(Short web captions)

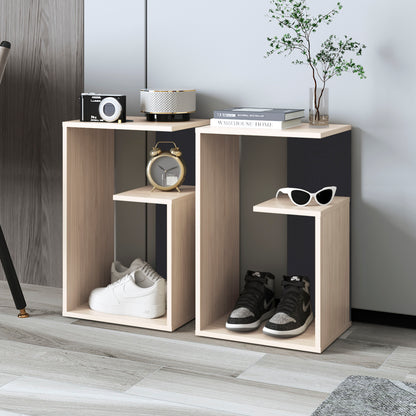 TUHOME Everet 25-Inch High Three-Tier Side Table with Tray-Style Top and Dual Lower Shelves, Compact End Table for Living Room, Sofa Side Storage, Modern Small-Space Organizer for Coffee, Décor and Everyday Essentials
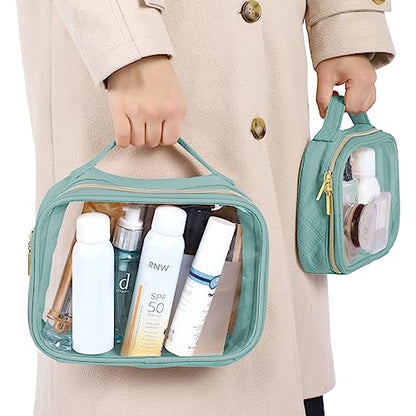 PACKISM Clear Makeup Bag Travel - TSA Approved Toiletry Bag, 2 Pack Green - color: 01 Turquoise Green, size: Full Vacation (Mixed Sizes)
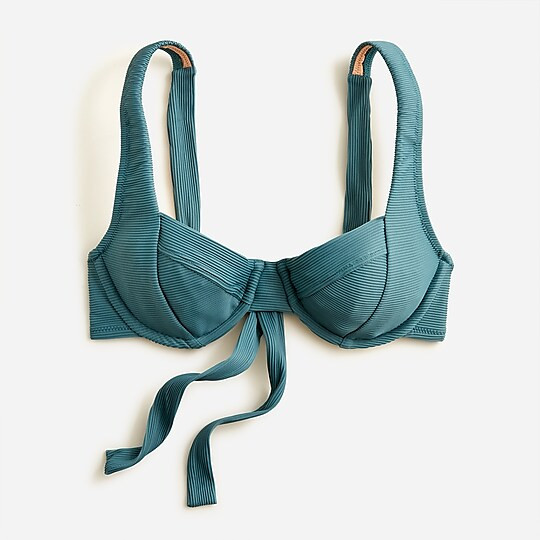 Ribbed cross-back underwire bikini top | J. Crew US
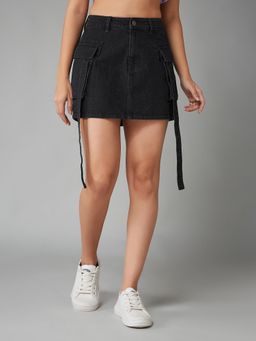 DOLCE CRUDO - Women Black Straight High-Rise Clean-Look Mini Denim Skirt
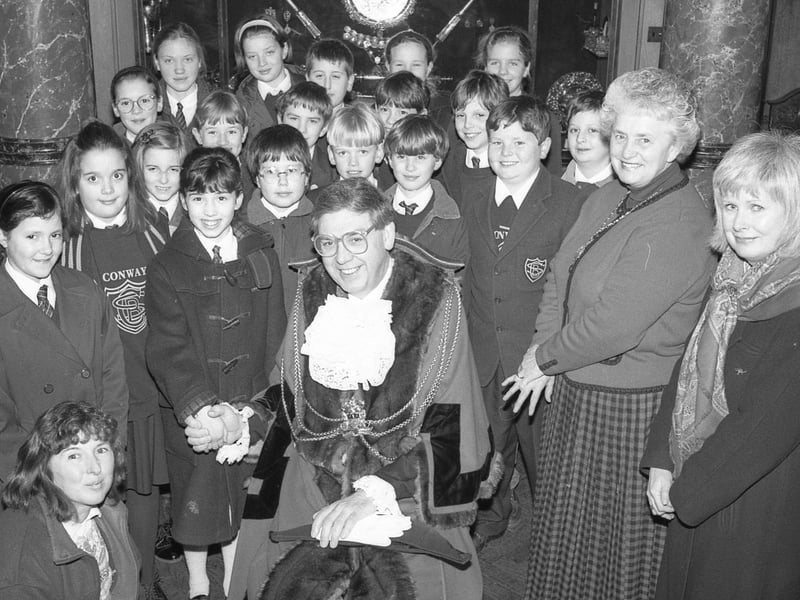 Children from Boston's Conway School visiting the town's Municipal Buildings. Pupils are pictured chatting to the Mayor of Boston Coun Keith Dobson and Mayoress Coun Joyce Dobson in the council chamber.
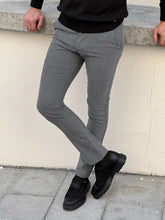 Load image into Gallery viewer, Naze Slim Fit High Quality Gray Patterned Mink Pants

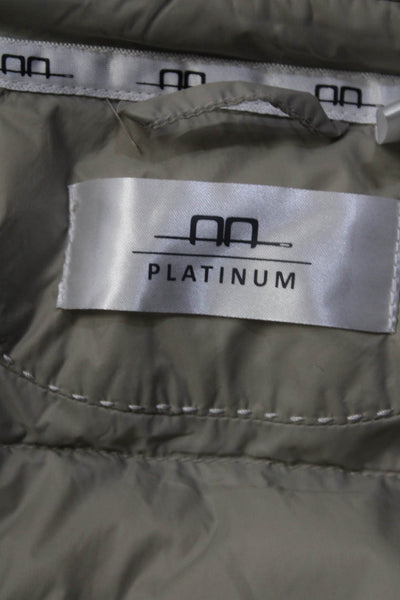 NN Platinum Women's Collared Long Sleeves Puffer Full Zip Coat Beige Size 4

**Activity**
An exact printout of the entries is wanted, covering the first line through the line holding "DOLCE CRUDO - Women", with pictures kept out of it.

**Written answer**
 TUHOME Everet 25-Inch High Three-Tier Side Table with Tray-Style Top and Dual Lower Shelves, Compact End Table for Living Room, Sofa Side Storage, Modern Small-Space Organizer for Coffee, Décor and Everyday Essentials
 PACKISM Clear Makeup Bag Travel - TSA Approved Toiletry Bag, 2 Pack Green - color: 01 Turquoise Green, size: Full Vacation (Mixed Sizes)
 Ribbed cross-back underwire bikini top | J. Crew US
 DOLCE CRUDO - Women Black Straight High-Rise Clean-Look Mini Denim Skirt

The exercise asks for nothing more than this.